Now let’s slow down and let it all sink in.
Here is the trip, and why my astronomy professor holds strong to the idea that space is infinite, despite how contradictory it is – when we look out into space and examine the distant galaxies all around us, we observe that there is an equal amount of matter in all directions. That is to say that we see no evidence of an edge to the universe. That leads to a couple possible conclusions: One, the universe is much, much bigger than we imagined, making our local ecosystem appear as a smooth drop in an even bigger sea. Or two, the universe began everywhere. When you ask astronomers where the universe began to expand, they are going to tell you that it began everywhere because at the very beginning, all points in space were at a single point, the same point. So what happens when I present my professor with this idea that space has a limit? He tells me that I misunderstand because there is an infinite quantity of points in space.
Well I am stuck. Are there infinite points even though not infinite time has passed on our clock? Maybe my understanding of space-time is wrong, or maybe our understanding as a scientific community is wrong. Logically it seems space can only be finite in size. There must be something missing: Relativity.

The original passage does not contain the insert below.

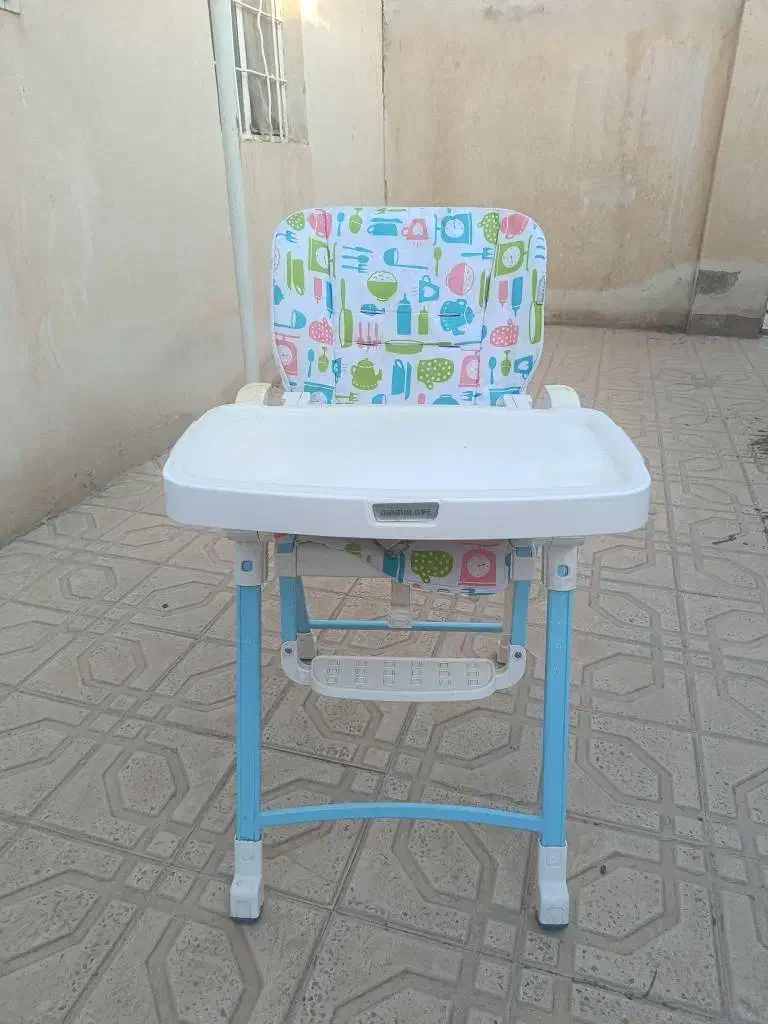 صندلی غذای کودک|تخت و صندلی بچه|هشتگرد, شهرک کوثر|دیوار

What philosophers and astronomers can both agree on is that space, at the very least, has a relative boundary. Any light beyond 13.7 billion light years away would have to be traveling faster than light to reach us – which also implies we would have to be traveling faster than light to escape the ‘edge of the universe’. I like to compare the relative edge to our universe as an ‘event horizon’ in a black hole. For those of you that do not know, a black hole is called a black hole, not because it is black, but because it does not emit light (meaning it is transparent and invisible). This is due to the fact that its gravity is stronger than the required velocity for light to escape it. The point at which the escape velocity exceeds the speed of light is called the ‘event horizon’. Am I sneakily pointing out that our universe exists within a black hole? Maybe.
What are we to make of all this? Are space and time really connected as one or are they separate and the universe is infinite in size but not infinite in time? Let those with integrity examine what is being said and decide for themselves the implications of infinity.